I have tasted just about all the commercially made grenadines out there, and none compares to a well-constucted homemade grenadine.

I do not care for the thin 1:1 sugar-to-pomegranate juice "grenadine" that many bars use. It doesn't have the right intensity of flavor or saturation to my taste. There are several grenadine cocktails (e.g., Monkey Gland) that my wife loves at home but abhors every time she has had it in a bar -- and we're talking about the very best cocktail bars out there. Eventually it came down to the fact that the ones made with 1:1 "grenadine" were not very good, and my homemade grenadine represented a major step up. Sorry guys!

I do not think that pomegranate molasses, either full strength, diluted or combined with pomegranate juice makes a good substitute for grenadine -- and that's what it is: a substitute, not the real thing. Pomegranate molasses is too "cooked," it has too much molasses character, it has far too much acidity, and it doesn't have that slight tannic backbone. I'm not saying that drinks made with pomegranate molasses aren't good -- they are good. But if you taste them side-by-side against a drink made with a good grenadine, they're different. More to the point, pomegranate molasses doesn't work well in many of the iconic grenadine drinks (again, see the Monkey Gland).

The best grenadine, in my opinion, has a touch of orange flower water and a touch of vanilla.

The best grenadine, in my opinion, is both cooked and fresh.

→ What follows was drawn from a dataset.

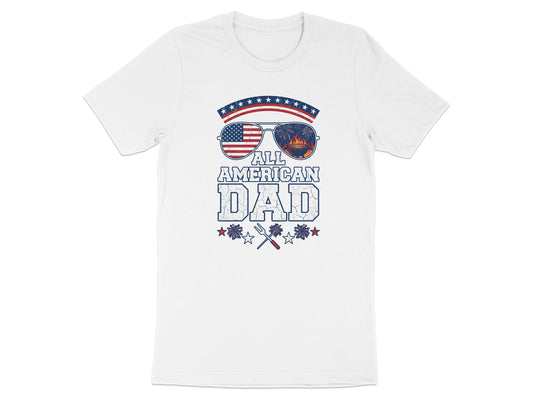 White t-shirt with "All American Dad" graphic featuring sunglasses and barbecue tools.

It should include 4- or 6-fold reduced pomegranate juice for intensity of flavor and jammy savor; and it should be thinned out to around 3:1 or 2:1 (sugar-to-liquid by volume) with uncooked pomegranate juice for the top note of fresh brighness.

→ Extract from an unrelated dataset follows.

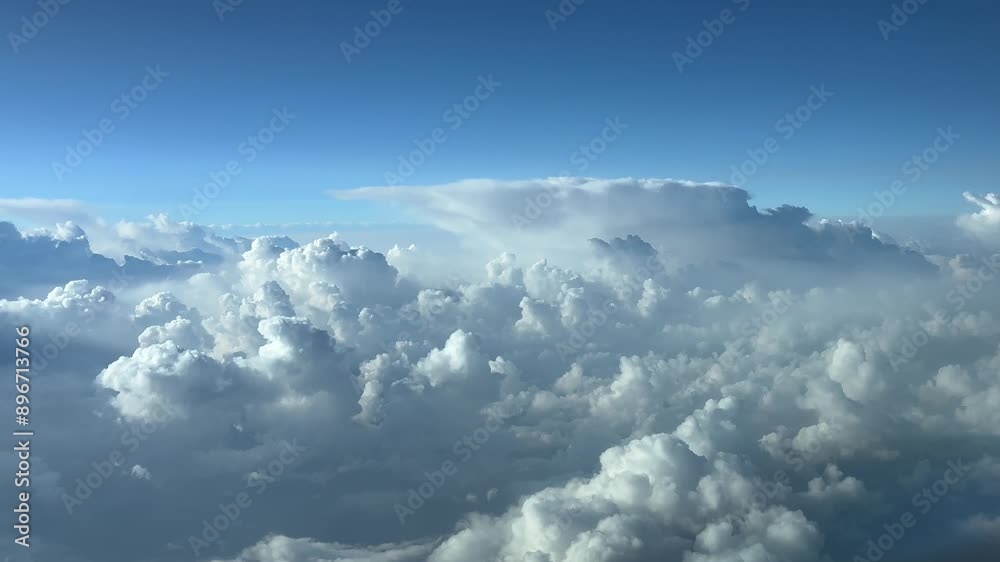 A turbulent sky plenty of stormy clouds as seen by the pilot of a jet flying at cruise level. 4K 60FPS A turbulent sky plenty of stormy clouds as seen by the pilot of a jet flying at cruise level. 4K 60FPS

I do think it's best to do the reduction yourself. For my last batch of grenadine I started off with a bottle of some fancy organic "pomegranate juice concentrate." It's not as good as when I do the reduction myself.

I include some gum arabic in my grenadine because it's usually a touch north of 2:1, and the gum arabic prevents recrystalization of the sugar. The extra silkyness, emulsification and head retention doesn't hurt either.

There is no such thing, in my book, as a "mixed berry grenadine." That's like calling something a "mixed fruit apple pie."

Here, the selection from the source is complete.